No, el domingo entré en el mi antiguo
colegio, ya sin riesgo de destruir ilusiones ni de empequeñecer recuerdos
porque, aunque salí de allí a los once años, hube de volver a los diecinueve,
en 1976, cuando todavía era Generalísimo, para realizar mis prácticas de los
estudios de Magisterio. Recuerdo mi sorpresa ante el amplio vestíbulo, encogido
como por arte de magia, y ante un espejismo similar al del “pequeño
filósofo”: que era yo que volvía a la fila de colegialas de bata blanca.
Una vez dentro, lo de siempre: coger
la papeleta blanca y la de color salmón, los sobres correspondientes, el DNI y
a la mesa. En el vestíbulo montaban guardia los interventores con sus
tarjetones, ya iba a ponerme a la cola cuando oí mi nombre.
-¡María Ángeles Merino!
-¿Quién eres?
-¿No te acuerdas de mí? Soy Mari
Carmen P…, de tu clase, aquí en el Grupo.
-¡Sí! ¡Cuánto tiempo! Desde cuando
estábamos con la señorita Felicidad.
-¿Qué te parece si subimos por la
escalera y fisgamos un poco? ¿No te hace ilusión?

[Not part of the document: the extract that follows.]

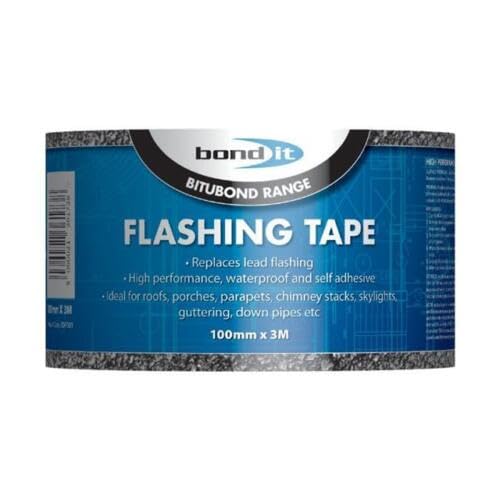 Bond It Flashing Tape Lead Self-Adhesive Roofing Grey Sizes 100m & 3m Self-Adhesive Bitumen Roofing (100mm x 3m)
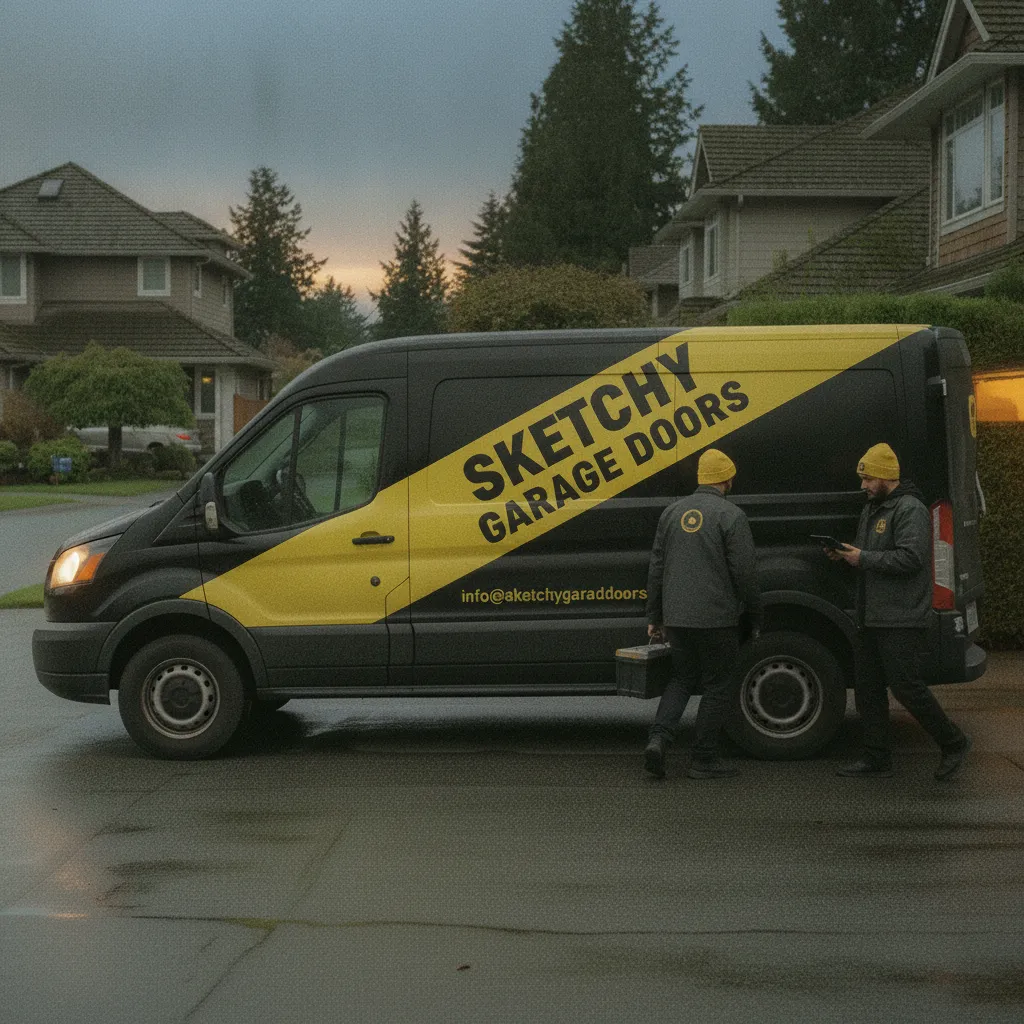 Emergency Garage Door Repair — Sketchy Garage Doors technician at work in Metro Vancouver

-Pero, Mari Carmen, nos van a echar
el alto.
Dicho y hecho, me vi de la mano de
Mari Carmen en un aula del primer piso. Nada que ver con la clase de la
señorita Felicidad: colores vivos, personajes de dibujos animados, palabras en
inglés, pupitres movibles, pizarra electrónica, estanterías y botes desbordados,
ordenadores “zapaterines”, lo normal en una clase de ahora. De pronto, Mari
Carmen descubrió algo que le llamó la atención, era una puerta gris con un
calendario de 1967. Muy decidida, me empuja y exclama:
-¡El túnel del tiempo! ¡Mira, esta sí es una clase de las nuestras!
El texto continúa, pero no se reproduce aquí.